:: GIVEN DATA

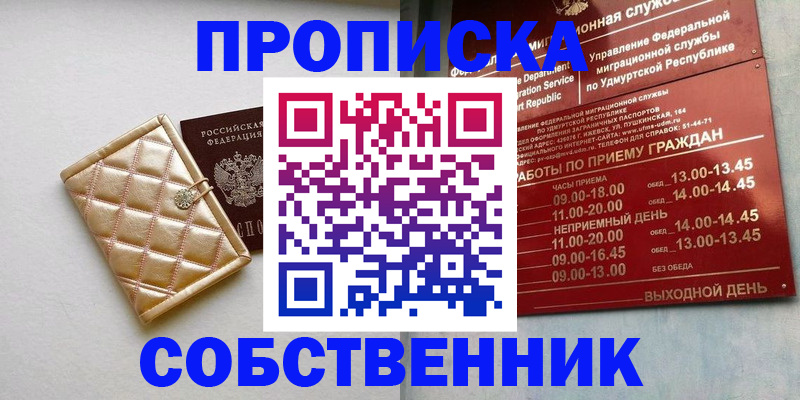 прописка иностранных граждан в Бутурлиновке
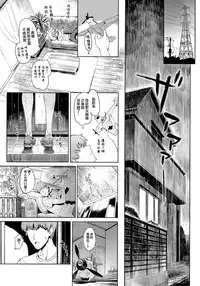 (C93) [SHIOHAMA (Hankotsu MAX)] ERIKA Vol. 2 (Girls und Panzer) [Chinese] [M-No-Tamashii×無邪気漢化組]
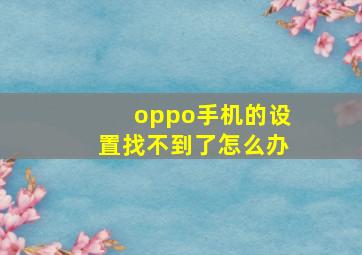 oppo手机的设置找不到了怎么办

::::

WHAT IS EXPECTED -> Once the line holding "(C93) [SHIOHAMA (Hankotsu" is found, copy it and each later line exactly through the end of the data, leaving out the pictures.

EXPECTED OUTPUT ->
 (C93) [SHIOHAMA (Hankotsu MAX)] ERIKA Vol. 2 (Girls und Panzer) [Chinese] [M-No-Tamashii×無邪気漢化組]
 oppo手机的设置找不到了怎么办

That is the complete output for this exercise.